» ASSIGNMENT:
In the material below, find the line with "Navios de escolta" and the line with "Kpop Iphone Wallpaper, Kids", then output those two lines and every line between them, exactly.

» DATA RECORDS:
Content starts
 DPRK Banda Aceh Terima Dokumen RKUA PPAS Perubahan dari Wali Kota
Content ends
Content starts
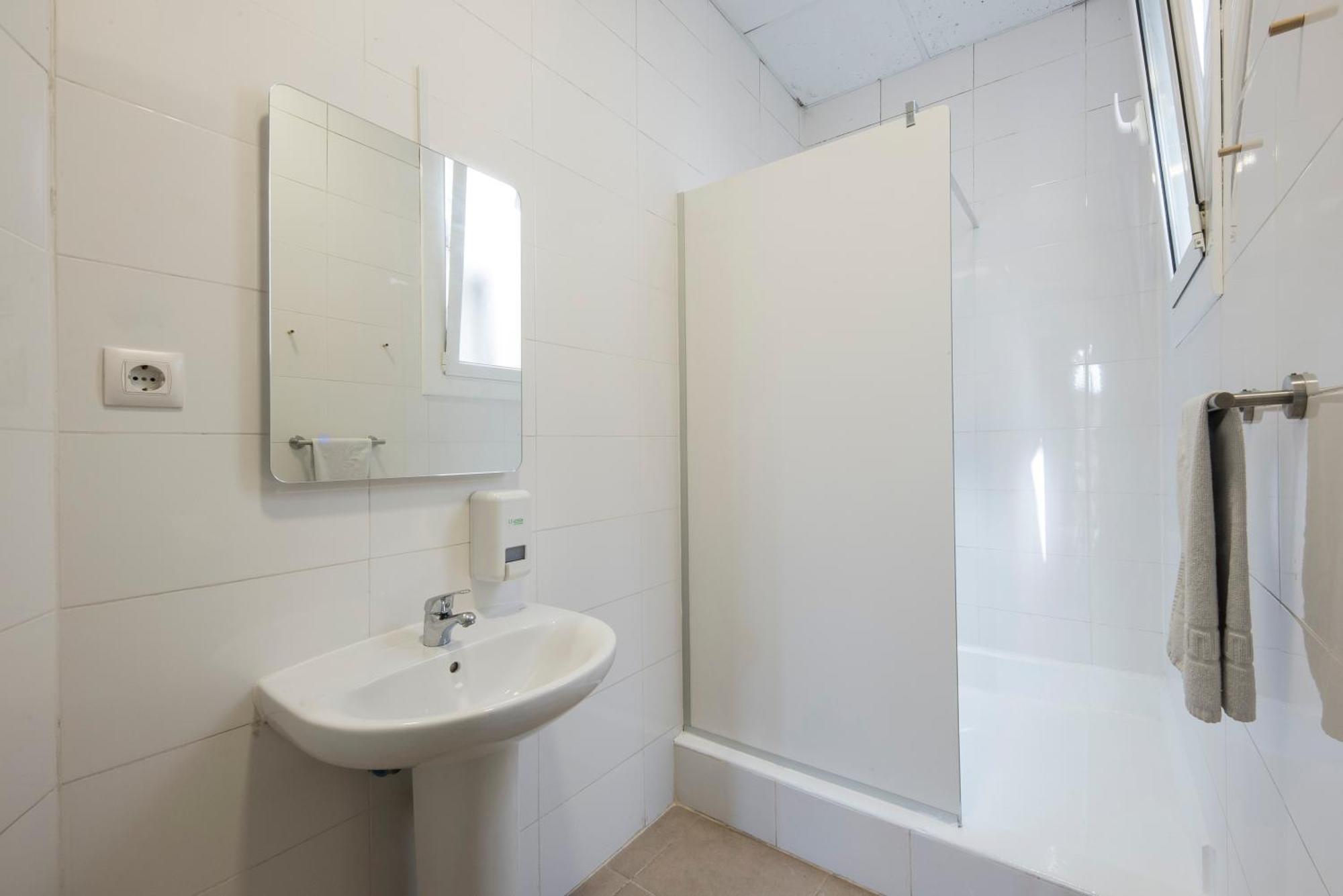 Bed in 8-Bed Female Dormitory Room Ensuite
Content ends
Content starts
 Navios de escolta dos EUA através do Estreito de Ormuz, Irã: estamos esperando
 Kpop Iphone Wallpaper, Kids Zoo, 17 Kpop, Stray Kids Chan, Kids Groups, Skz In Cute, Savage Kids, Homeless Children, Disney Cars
Content ends
» ANSWER FOR THE TASK:
 Navios de escolta dos EUA através do Estreito de Ormuz, Irã: estamos esperando
 Kpop Iphone Wallpaper, Kids Zoo, 17 Kpop, Stray Kids Chan, Kids Groups, Skz In Cute, Savage Kids, Homeless Children, Disney Cars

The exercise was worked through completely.